27 novembre 2017

Souvenirs d'apprendissage

Come fare appassionare i giovani alla Matematica, materia che ha la fama (e non completamente a torto) di essere ostica, difficile? Si tratta chiaramente di una domanda senza una risposta univoca, dato che il talento matematico è con ogni probabilità una combinazione di abilità innata ed educazione ricevuta.

Molti matematici di successo hanno provato a spiegare, nella loro autobiografia scientifica, il primo approccio avuto con la materia. Si possono ricordare qui "I want to be a mathematician" di P. Halmos, "Ricordi d'apprendistato" di A. Weil, "Avventure di un matematico" di S. Ulam, "Il teorema vivente" di C. Villani, "Amore e matematica" di E. Frenkel.

Dato l'interesse del loro contenuto, ciascuno di questi libri meriterebbe un post a parte. In ognuno di essi, tuttavia, è presente ad un certo punto un episodio rivelatore, un'epifania riguardo la bellezza e potenza della Matematica, spesso indotta da un docente o da una lettura. Nel libro di Frenkel, ad esempio, l'autore narra della propria frustrazione nel cercare di capire da adolescente la teoria dell'"ottuplice via" di M. Gell-Mann (cioè, la cromodinamica quantistica) sui libri di fisica, e della gioia e sorpresa che provò il giorno in cui si rese conto (grazie ad un libro prestatogli da un professore di Matematica amico di suo padre) che tutto derivava in modo chiaro ed elegante dalla teoria delle rappresentazioni del gruppo di Lie $SU(3)$.
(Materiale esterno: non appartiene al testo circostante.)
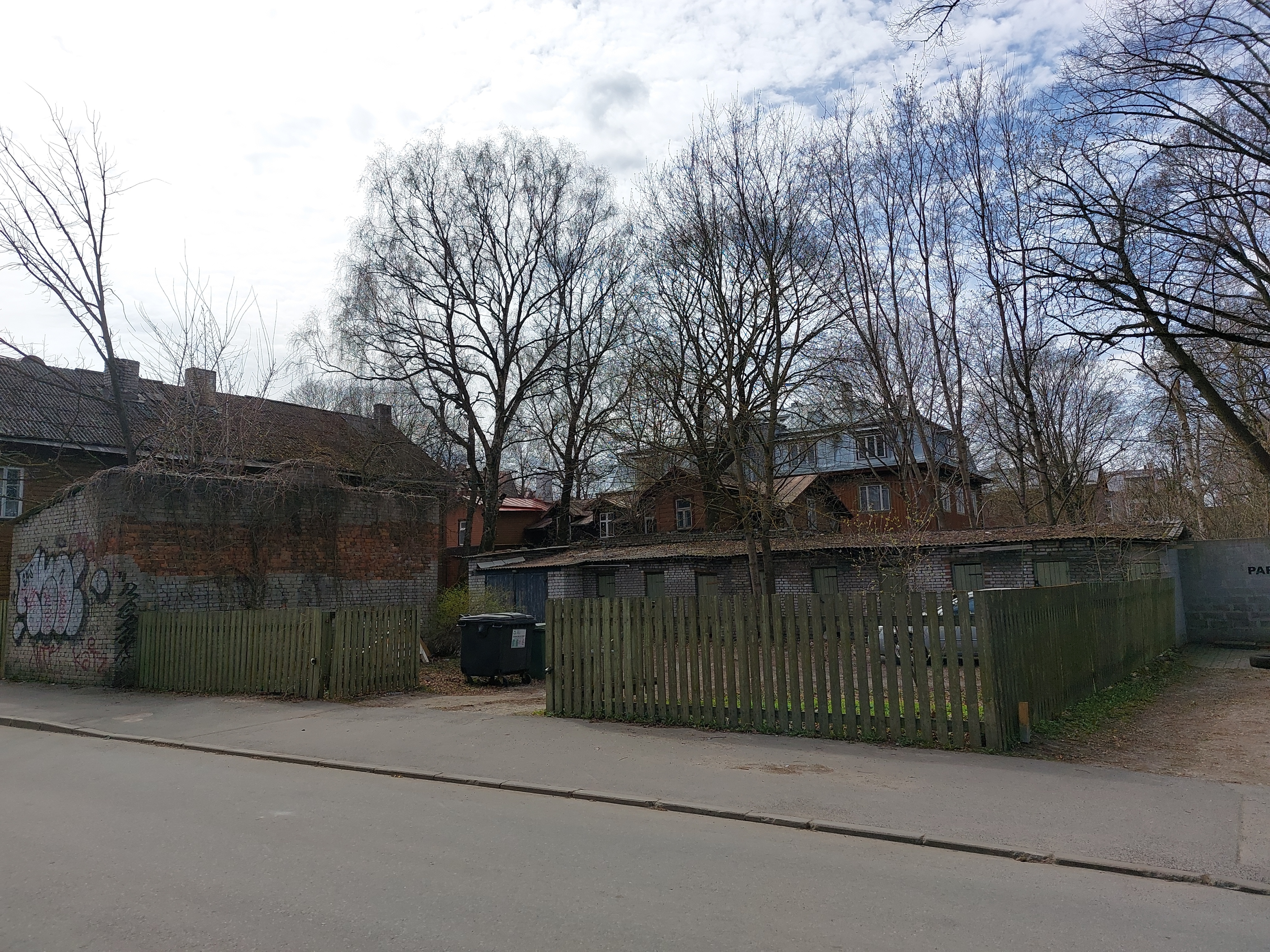 Pelgulinn: elamu Rohu 17 rephoto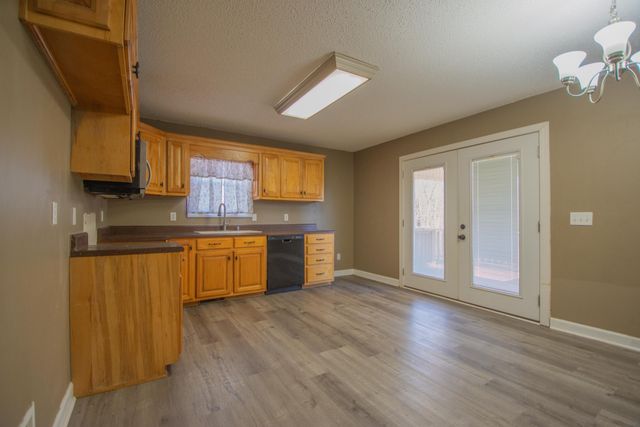 1149 Oak Grove Rd, Goodspring, TN 38460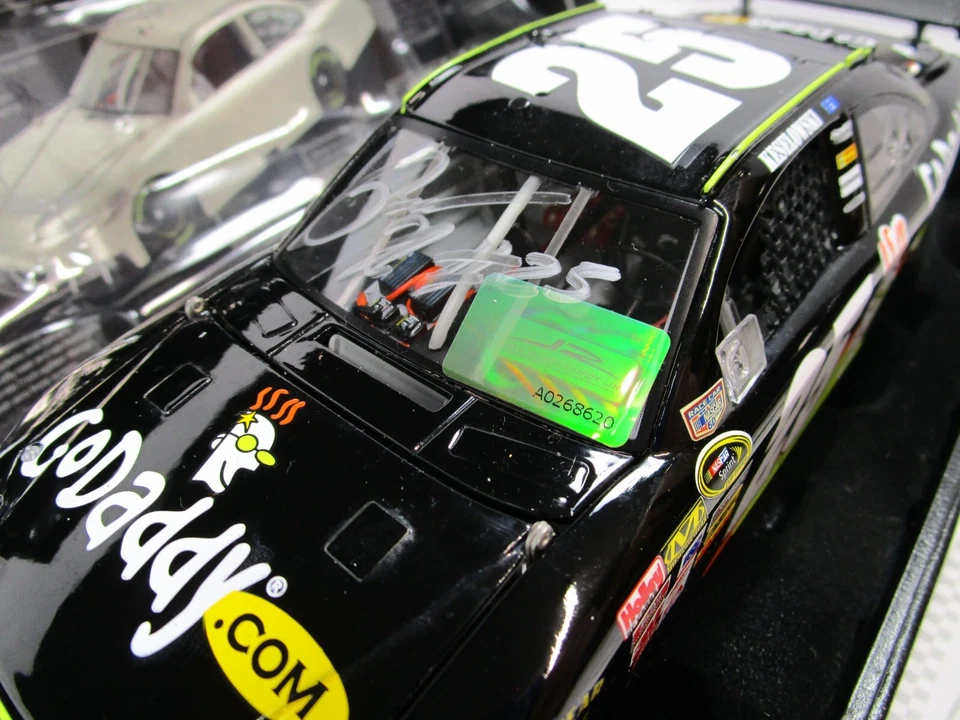 RCCA ELITE 1/24 AUTOGRAFIADO BRAD KESELOWSKI 2008 GO DADDY #25 CHEVY IMPALA SS Foto 4 de 4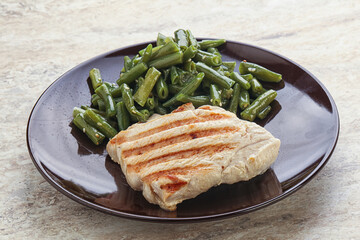 Grilled turkey steak with green bean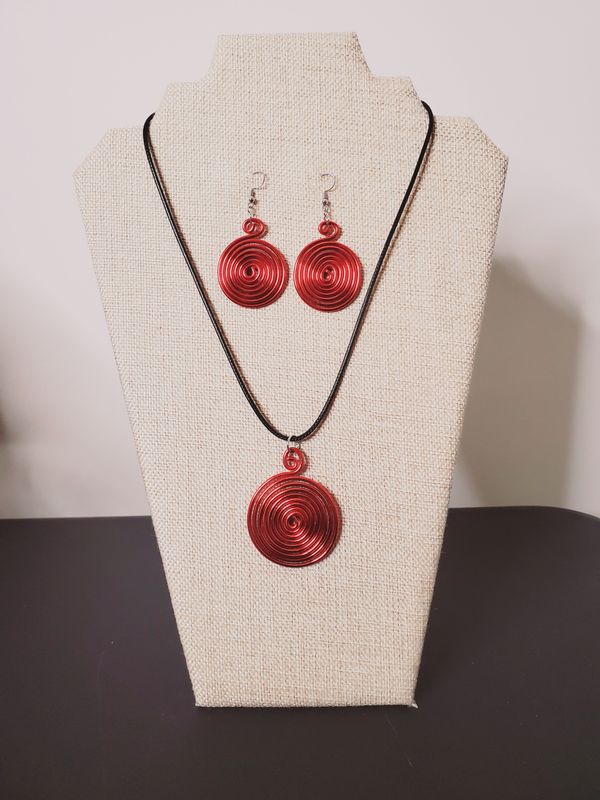 Wire Earrings &amp; Necklace Set-Red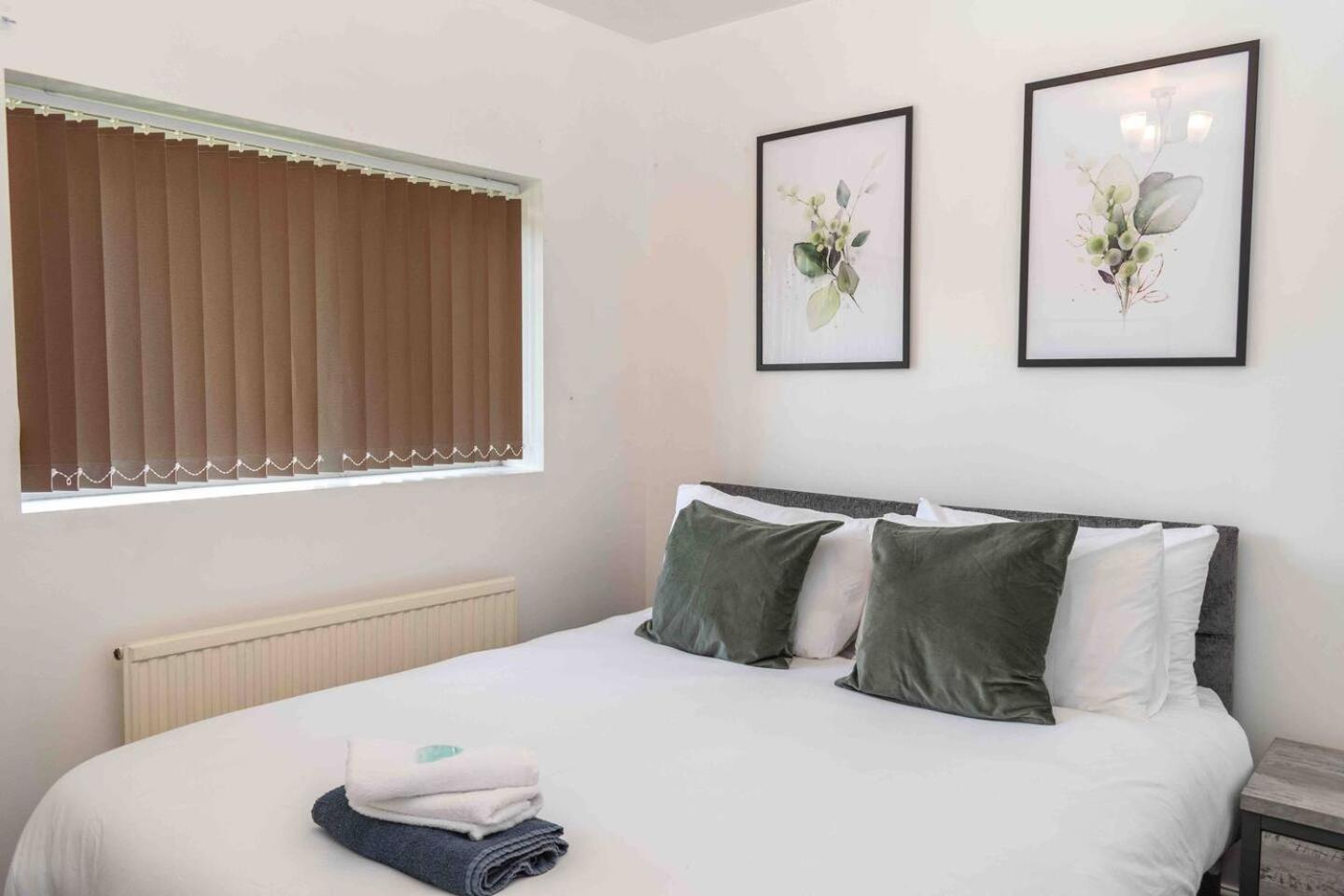 Comfortable And Convenient 3 Bedroom House With Parking Handsworth エクステリア 写真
Personalmente, non ricordo di essere stato indirizzato verso i miei studi di Matematica da qualcuno. Di fatto, non trovavo entusiasmante nessuno dei miei professori di scuola media o superiore, e nessuno nella mia famiglia era particolarmente interessato alla disciplina. Tuttavia, nella libreria di mio zio, a casa di mia nonna materna, c'era questo libro "Enigmi e Giochi Matematici" di M. Gardner (solo il Volume 4, chissà perché) e per qualche motivo che ora non saprei dire cominciai a leggerlo, passandovi sopra ore intere. Potevo avere 11-12 anni e, per dirla con i Massimo Volume, "penso che in quel periodo la mia vita fosse tutta lì".

C'erano articoli sul paradosso dell'impiccagione imprevedibile, sul numero e, sui sezionamenti geometrici, sulle spirali, su Flatland, sulla curve ad ampiezza costante, sui giochi d'azzardo, sulle figure auto-similari, di cui ovviamente capivo ben poco. Ma erano scritti in un linguaggio chiaro e coinvolgente, che ammaliava il lettore e non lo lasciava più, lasciandogli intravvedere chissà quali territori meravigliosi da esplorare.

Per molto tempo fui anche convinto che Gardner fosse un matematico professionista, all'epoca non c'era Wikipedia a fornire ogni biografia con un click. Solo molti anni dopo, e con mia grande sorpresa, scoprì che era un abilissimo giornalista scientifico e divulgatore, con una preparazione non specialistica nella materia.